Hepatitis E: oorzaken

Pathogenese (ziekteontwikkeling)

Hepatitis E-virus (HEV) behoort tot de groep van RNA virussen​ Vroeger werd het beschouwd als onderdeel van de familie Caliciviridae, maar wordt nu beschouwd als behorend tot de monotypische familie Hepeviridae. HEV-genotypen 1-4 kunnen worden onderscheiden. HEV 1 en HEV 2 zijn meestal verantwoordelijk voor rijstinfectie. HEV 3 en HEV 4 komen voor bij mensen en dieren (vooral varkens).

Hepatitis E komt voornamelijk voor als een acute ziekte.

Hepatitis E komt wereldwijd voor. Grote epidemieën hebben zich voornamelijk voorgedaan in Afrika, Azië, het Midden-Oosten en Mexico. Onlangs geïsoleerde gevallen van hepatitis E. verworven in Duitsland zijn ook gemeld, voornamelijk met een chronisch beloop.

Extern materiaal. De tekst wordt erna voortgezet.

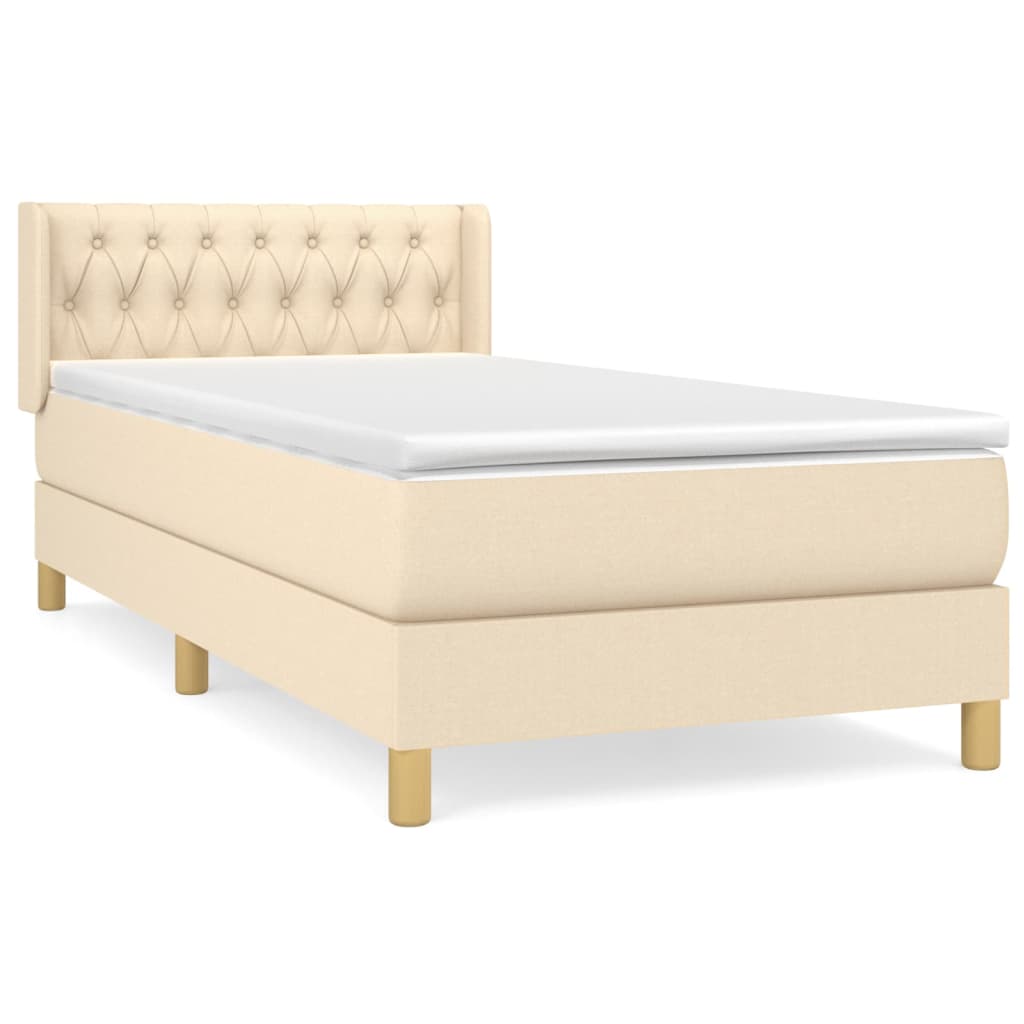 Cama box spring 90x200 Crema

Overdracht is oraal (waarbij pathogenen die worden uitgescheiden in de ontlasting (fecaal) oraal worden geabsorbeerd) via besmet drinken water met HEV genotypen 1 en 2. Overdracht tussen mensen is nog niet bewezen. Risicogroepen zijn voornamelijk reizigers naar India, Centraal / Zuid-Amerika, Afrika of het Gemenebest van Onafhankelijke Staten (GOS).

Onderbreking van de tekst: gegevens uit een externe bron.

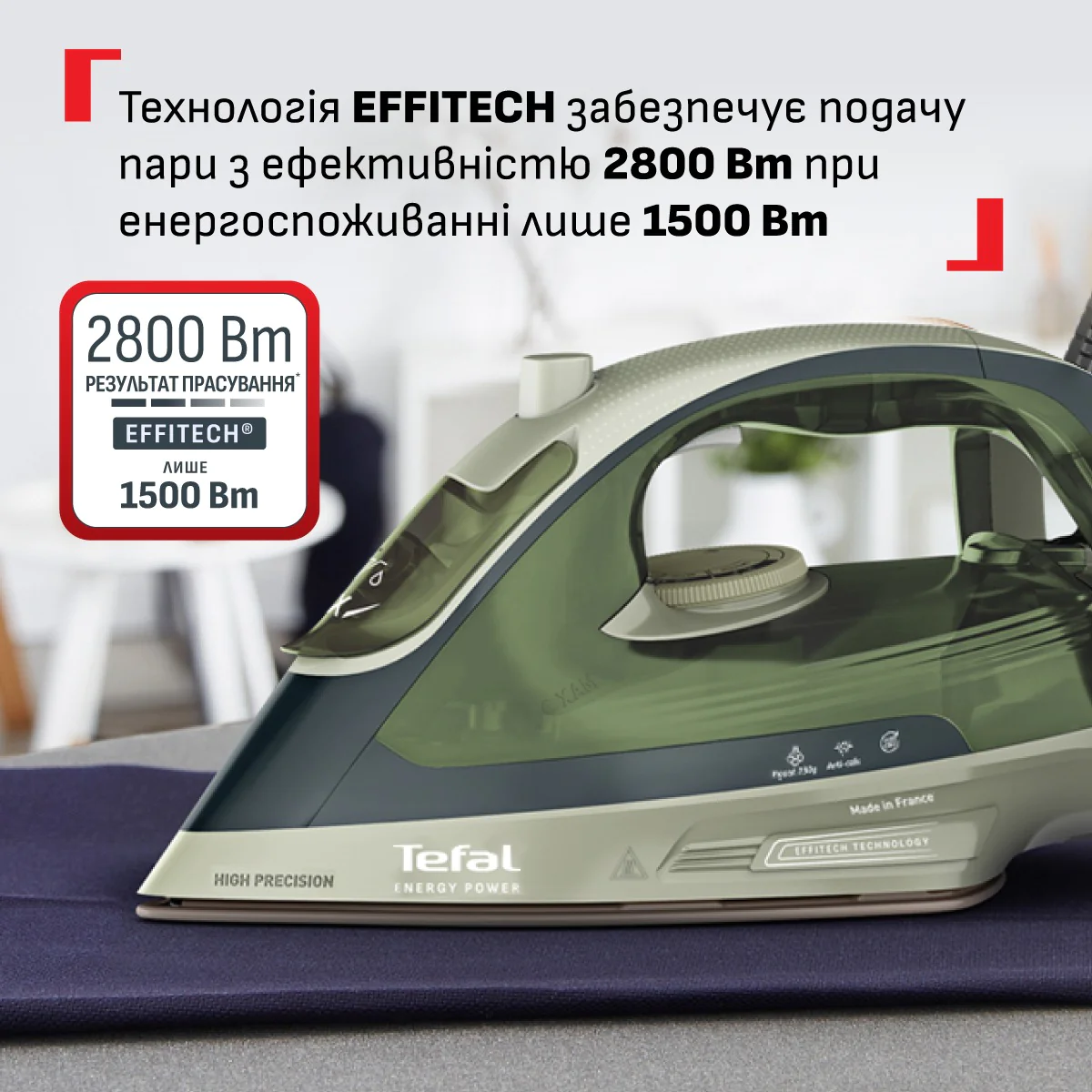 Праска Tefal Energy Power FV6884E0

Recente studies hebben aangetoond dat het hepatitis E. pathogeen met genotype 3 is ook wijdverspreid bij Duitse wilde zwijnen en herten. Het besmettingspercentage is ongeveer 15 procent. De risicogroepen zijn voornamelijk jagers, bosarbeiders, varkensfokkers of slachthuispersoneel.

Etiologie (oorzaken)

Gedragsoorzaken

  • Vervuild water drinken
  • Besmet voedsel eten - vooral varkensvlees, wild, schaaldieren.
  • Honden en katten komen ook als drager in kwestie

Ziektegerelateerde oorzaken

Geneesmiddel

  • Bloedtransfusies

Andere oorzaken

  • Verticale infectie - overdracht van ziekteverwekkers van een gastheer (hier: de moeder) naar zijn nakomelingen (hier: het kind).
    • Overdracht van infectie tijdens de geboorte van moeder op kind.